In this guide, we’ll cover the following topics:
Adding and removing Ray Clusters from SkyShift.
Creating and running SkyShift jobs on Ray.
Prerequisites#
- Open Ports:
- The following ports need to be open on the target cluster for communication:
RAY_CLIENT_PORT: 10001
RAY_JOBS_PORT: 8265
RAY_DASHBOARD_PORT: 8265
RAY_NODES_PORT: 6379
If Ray needs to be installed, port 22 must also be open for SSH access.
- Connection details for the Ray cluster:
- If Ray needs to be installed:
ssh_key_path: Path to the SSH private key.
username: Username for the SSH connection.
host: Hostname or IP address of the target cluster.
Automatic Ray Installation#
If Ray is not installed on the target cluster, SkyShift can automatically install it using the ray_install.sh script. The script installs Miniconda, creates a new Conda environment, and installs Ray. This ensures that the necessary components are in place for job submission and management without requiring manual intervention from the user.
Adding and Removing Clusters#
Attaching a Remote Ray Cluster#
With SkyShift, integrating a remote Ray cluster into your workflow is straightforward. Start by ensuring the name of the cluster in the rayconf.yaml configuration file matches the name you intend to use. Here’s how you can attach it to SkyShift:
skyctl create cluster <rayclustername> --manager ray
Now you’re ready to deploy jobs to your Ray cluster through SkyShift!
Checking Cluster Status#
To view the status of your configured clusters, simply run:
> skyctl get clusters
You’ll see an output similar to the following, providing a snapshot of your clusters’ resources and their status:
NAME MANAGER RESOURCES STATUS
raycluster1 ray cpus: 520.0/600.0 READY
memory: 1235171.0/3868184.0 MiB
P100: 8.0/8.0
raycluster2 ray cpus: 420.0/600.0 READY
memory: 1268431.0/2664184.0 MiB
cluster3 k8s cpus: 1.83/2.0 READY
memory: 6035.6/7954.6 MiB
Detaching a Cluster#
If you need to remove a cluster from SkyShift, the process is just as simple:
skyctl delete cluster <rayclustername>
After detaching, you can verify the status of the remaining clusters with skyctl get clusters to see the updated list.
Submitting Jobs#
Submitting jobs through SkyShift allows you to leverage the powerful scheduling and management capabilities of Ray, SLURM or Kubernetes, with the added benefits of SkyShift’s scheduling capabilities.
Creating a SkyShift Job#
Here’s an example SkyShift job definition:
kind: Job
metadata:
name: example-job
labels:
app: nginx
spec:
replicas: 2
image: nginx:1.14.2
resources:
cpus: 0.5
memory: 128
ports:
- 80
restartPolicy: Always
To deploy this job, use the skyctl apply command with the job definition file:
skyctl apply -f <path-to-your-job-file>.yaml
Alternative Job Creation Methods#
SkyShift also supports job creation via our Python API and the SkyShift job CLI, offering you flexibility in how you manage your deployments.
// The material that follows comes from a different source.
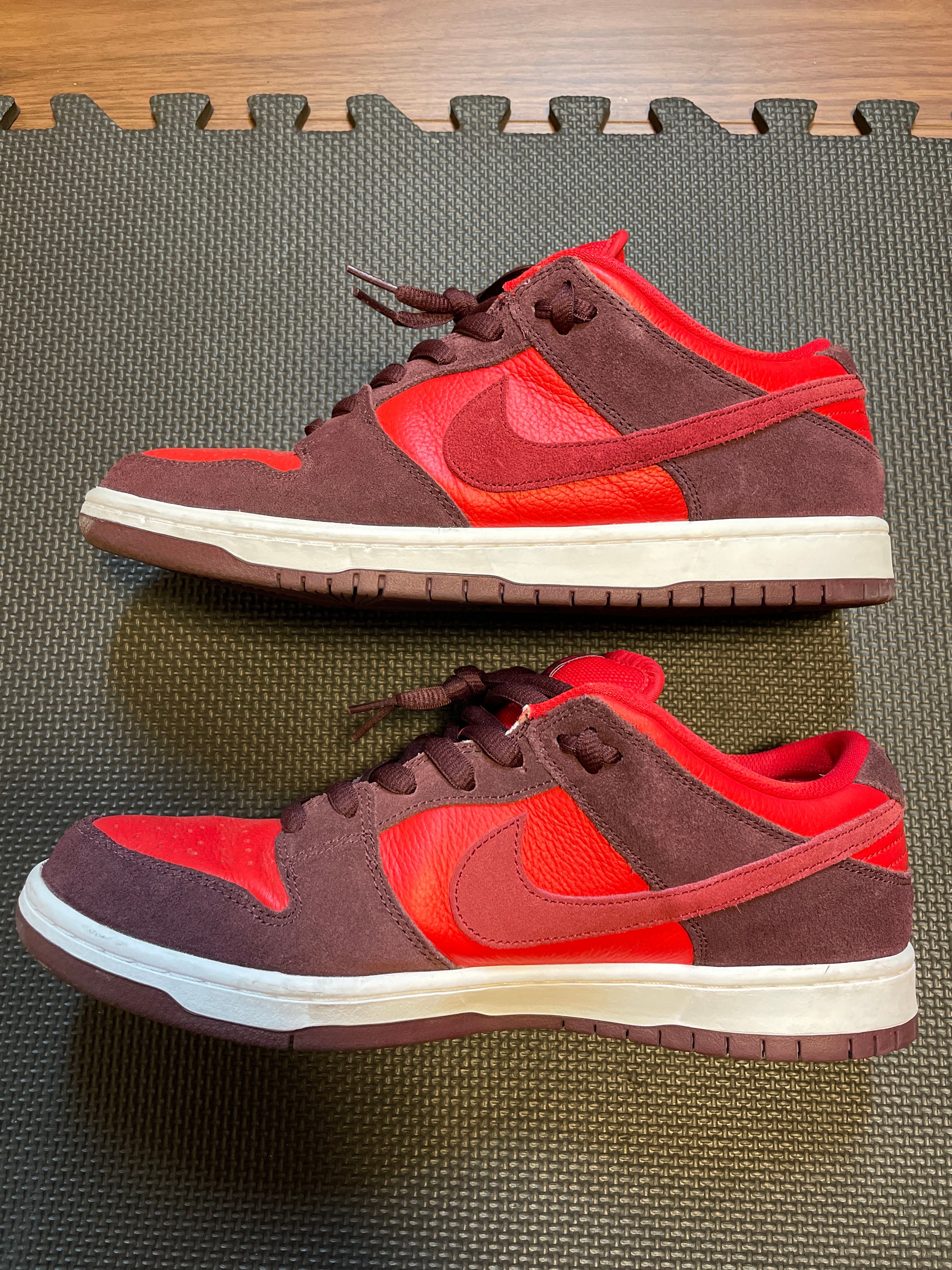Nike SB Dunk Low "Cherry"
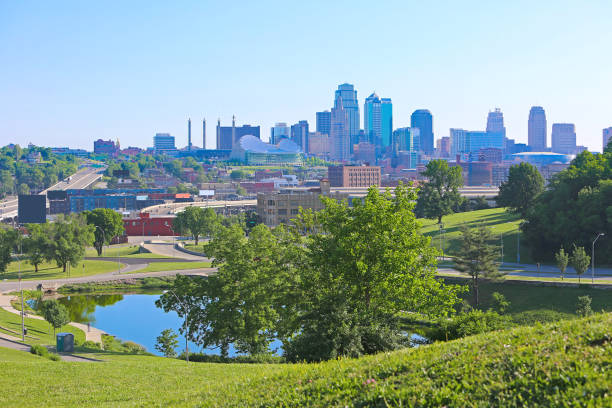 Kansas City Skyline Water View Kansas City Skyline and Lake overland park stock pictures, royalty-free photos & images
For instance, to create a job using the CLI:
skyctl create job example-job --image nginx:1.14.2 --replicas 2 --cpus 0.5 --memory 128 --port 80 --labels app=nginx
Because this job requests 0.5 CPUs and 128 MiB of memory, it will be scheduled on a Ray cluster as the Kubernetes cluster has 0.17 CPUs available.
Monitoring Your Job#
To check the status of your jobs and ensure they’re running as expected:
> skyctl get jobs
NAME CLUSTER REPLICAS RESOURCES NAMESPACE STATUS
example-job raycluster1 2/2 cpus: 0.5 default RUNNING
memory: 128.0 MiB
You’ll see details about each job, including the cluster it’s running on, resources allocated, and its current status.
Now that you’re equipped with the basics of managing clusters and jobs in SkyShift using Ray, you can start harnessing the full potential of your Ray clusters. SkyShift is designed to make your computational tasks easier, more efficient, and scalable. Happy computing!